(Dataset records)
--- START ---

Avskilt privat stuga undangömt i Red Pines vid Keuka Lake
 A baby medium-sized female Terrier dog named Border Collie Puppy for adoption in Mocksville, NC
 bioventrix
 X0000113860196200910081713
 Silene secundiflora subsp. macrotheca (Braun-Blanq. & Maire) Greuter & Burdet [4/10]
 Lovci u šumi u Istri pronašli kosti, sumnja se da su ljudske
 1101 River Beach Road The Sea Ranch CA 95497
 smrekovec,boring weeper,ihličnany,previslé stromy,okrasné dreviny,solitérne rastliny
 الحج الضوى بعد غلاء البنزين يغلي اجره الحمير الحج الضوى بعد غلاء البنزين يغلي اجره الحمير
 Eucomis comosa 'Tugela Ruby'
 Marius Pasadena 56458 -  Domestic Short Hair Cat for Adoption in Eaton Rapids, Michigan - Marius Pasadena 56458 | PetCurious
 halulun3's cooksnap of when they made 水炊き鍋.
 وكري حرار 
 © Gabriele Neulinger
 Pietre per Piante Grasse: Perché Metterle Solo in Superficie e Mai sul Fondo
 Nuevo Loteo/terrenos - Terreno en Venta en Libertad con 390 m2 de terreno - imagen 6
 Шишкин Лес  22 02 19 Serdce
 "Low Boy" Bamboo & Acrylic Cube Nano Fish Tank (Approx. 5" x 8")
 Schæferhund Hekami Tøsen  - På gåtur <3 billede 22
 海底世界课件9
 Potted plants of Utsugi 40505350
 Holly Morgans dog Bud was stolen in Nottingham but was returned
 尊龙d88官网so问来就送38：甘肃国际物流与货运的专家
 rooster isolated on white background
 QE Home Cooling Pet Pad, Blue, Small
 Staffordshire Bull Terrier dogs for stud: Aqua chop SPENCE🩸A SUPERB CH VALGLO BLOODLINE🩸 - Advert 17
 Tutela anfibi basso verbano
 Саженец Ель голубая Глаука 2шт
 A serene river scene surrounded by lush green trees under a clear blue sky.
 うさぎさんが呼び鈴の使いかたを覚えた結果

--- END ---

→ PROBLEM
Of the records above, copy each line that includes "Terrier".

→ RESPONSE TO THE TASK
 A baby medium-sized female Terrier dog named Border Collie Puppy for adoption in Mocksville, NC
 Staffordshire Bull Terrier dogs for stud: Aqua chop SPENCE🩸A SUPERB CH VALGLO BLOODLINE🩸 - Advert 17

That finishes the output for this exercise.